The nearby leisure centre is a major attraction that includes gym facilities, as well as rugby and football grounds. Other outdoor treasures include the Walled Garden in picturesque Sunbury Park and the large expanse of greenery at Orchard Meadow. Residents can also take a leisurely walk along the nearby Thames or hire a boat at Wilson’s Boat Yard.

 

Sunbury Common is Lower Sunbury’s modern counterpart. Much of the industrial development is centred around the M3 motorway. A small shopping centre is home to several high street retailers and complements the village appeal of the south. As such, Sunbury manages to blend both old and new.

 

Transportation

Sunbury residents enjoy an easy commute to the capital thanks to the direct train service to London Waterloo. This takes approximately 50 minutes via Kingston and Clapham Junction, or Twickenham and Richmond. Other services travel to the neighbouring towns, offering convenience for those commuting locally.

 

Those travelling by car have the benefit of the M3 motorway, which runs through one half of Sunbury.

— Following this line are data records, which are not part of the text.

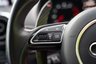 USED 2016 16 AUDI RS3 2.5 RS3 SPORTBACK QUATTRO NAV 5d MRC STAGE 1 Tech/Dynamic/Comfort&Sound/Design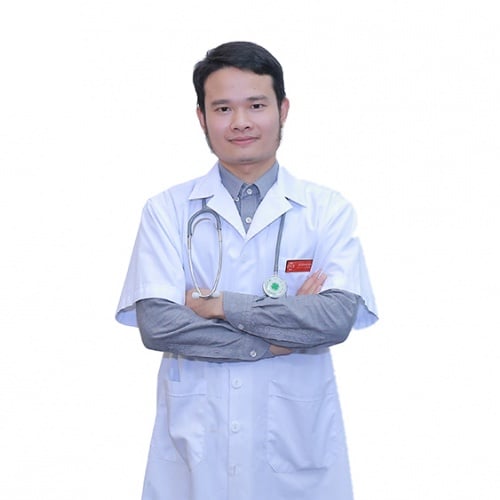 Nguyễn Minh Quỳnh - Hình 1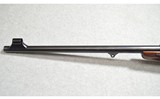 Rigby ~ Mauser, M98 Standard ~ .30-06 Springfield - 9 of 13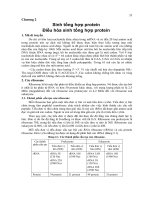 Sinh học đại cương c2.pdf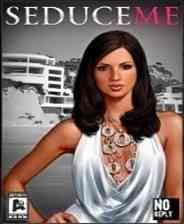 《引诱我》免安装｜成长冒险｜角色扮演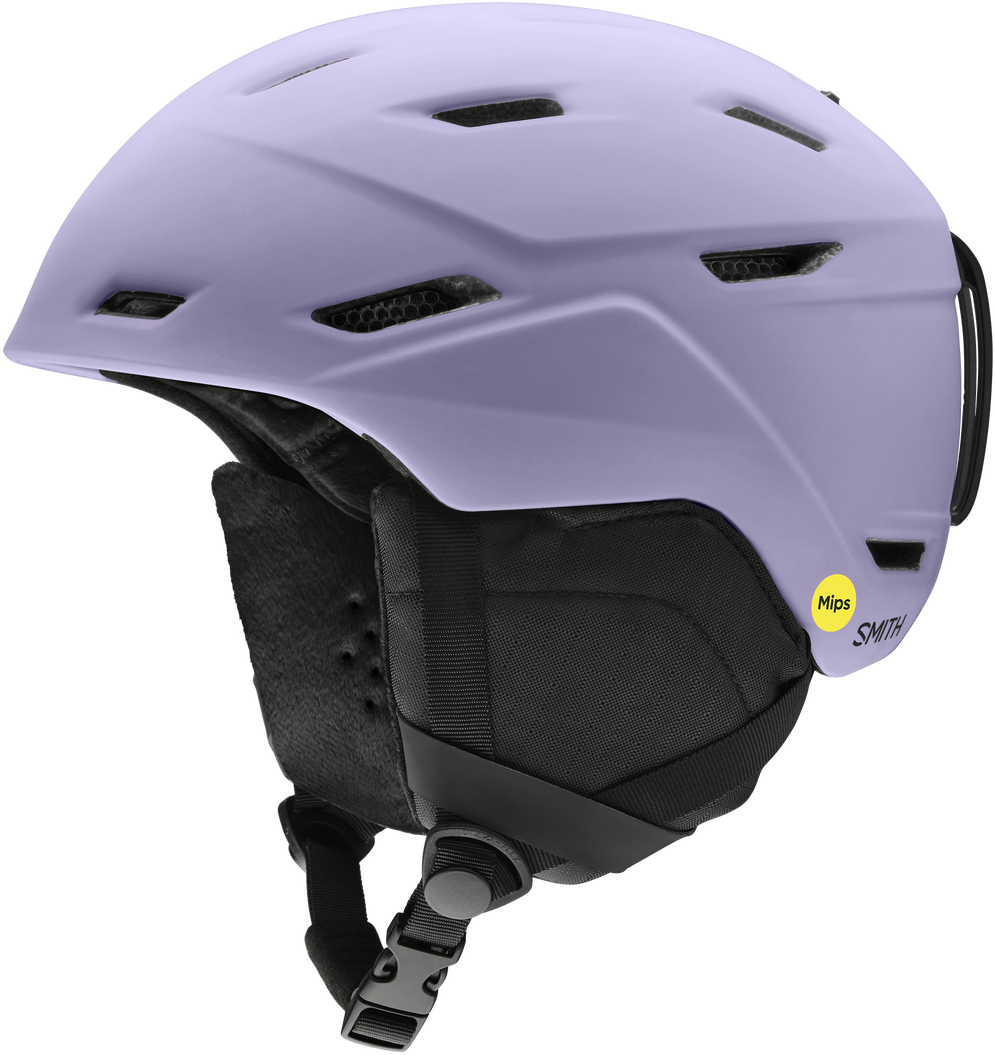 [E0069909S5963] ADULT SMITH MIRAGE MIPS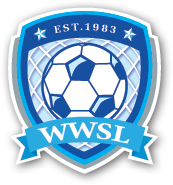 WWSL_logo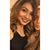 Evelyn Hernandez's profile image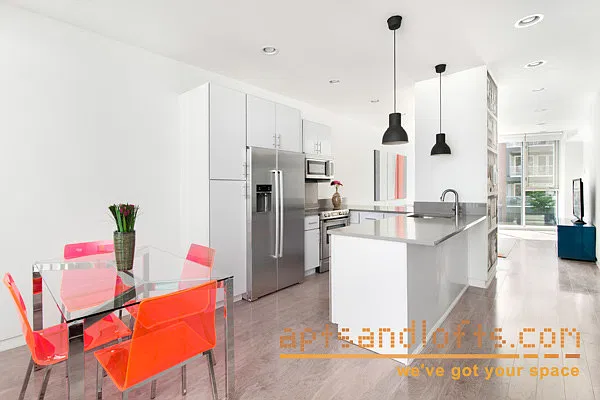 Sold by aptsandlofts.com | media 6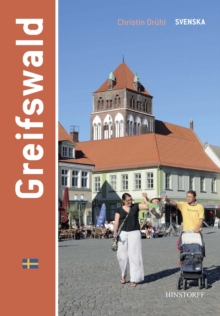 Greifswald : Schwedisch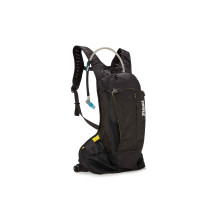 Thule 4154 Vital Hydration...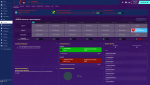 Football Manager 2020 Screenshot 2020.04.27 - 20.28.02.07.png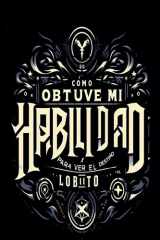 Cómo obtuve mi habilidad para ver el destino, lobito cover image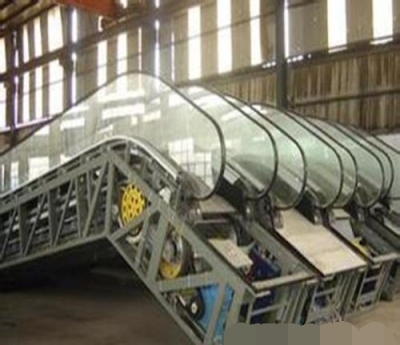 海滄壓塑機與壓花機回收服務(wù)及價格咨詢指南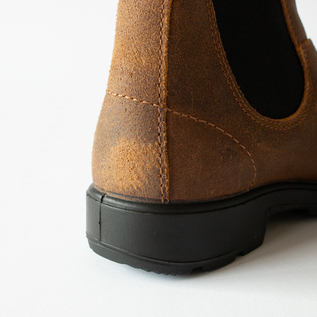 サイドゴアブーツ BS1911 タバコ／Blundstone（ブランドストーン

This links to the M25 and M4, while central London can be reached in 36 minutes following the A316. Sunbury is also well placed for the frequent flyer, with Heathrow Airport only a short 12-minute drive.

 

Education

The first-rate schools of Sunbury provide reassurance for families relocating to the area. The town is home to five primaries, some of which have been judged ‘outstanding’ by Ofsted. These include the award-winning St Ignatius Catholic and Springfield Primary.

 

Alternatively, the nearby preparatory schools cater to children up to the age of 11. Hampton Pre-Prep is amongst the most sought-after, along with Twickenham Preparatory and Staines Preparatory.

 

At secondary level, many opt for St Paul’s College, which continues to achieve a 95% or higher pass rate of five A* to Cs at GCSE level. Other options include the Bishop Wand Church of England School and Sunbury Manor School. Both have academy status and a rich heritage dating back decades.

 

Private schools less than three miles from Sunbury centre include the esteemed Hampton School, Halliford School, Lady Eleanor Holles and Sir William Perkins’s School – the former two catering for boys, while the latter are both girls’ schools.

 

The Ashford campus of Brooklands College is only a short drive for those taking higher education. Students have a choice of courses, as well as apprenticeships and adult learning.

 

History

Sunbury boasts a rich heritage that dates back to the 10th century. Bronze Age funerary urns have been discovered in the area, suggesting a settlement thrived here long before its first recorded mention in the Domesday Book. During that time, the area was little more than a quaint village with a ‘meadow for six ploughs’.

 

It remained largely unchanged until the arrival of the railway in 1864. Putting Sunbury on the map as a desirable commuting location, the rail line was soon followed by further development, with housing built in the newly formed Sunbury Common.

 

Thankfully, the area managed to retain its former village charm thanks to the many listed buildings and parks of Lower Sunbury. This area is still home to some of the country houses built by wealthy merchants in the 18th century. Orchard House and Monksbridge were once frequented by royalty, while St Mary’s Church was built in 1725 and sits on the site of a 14th century church.

 

Places of Interest

Whether it’s the historic and cultural sights, sports complexes or family-friendly attractions, Sunbury boasts an exciting mix of things to do. Here are some highlights from the local area:

  • Kempton Park Racecourse
  • Sunbury Antiques Market
  • Kidabulous
  • Thorpe Park
  • Sunbury Leisure Centre
  • Walton Tennis Club
  • Sunbury Square
  • Riverside Arts Centre
  • Everyman Cinema Walton
  • Queen Mary Sailing Club
  • Tenpin Feltham
  • Sunbury Park Walled Garden

 

How to get here

By road: Sunbury sits at the start of the M3 motorway, offering convenient access from central London via the A316. Alternatively, those travelling from the M25 should exit at Junction 12 and merge onto the M3 before reaching Sunbury.

By rail: Sunbury station operates frequent services to London Waterloo and connects to many of the surrounding suburbs.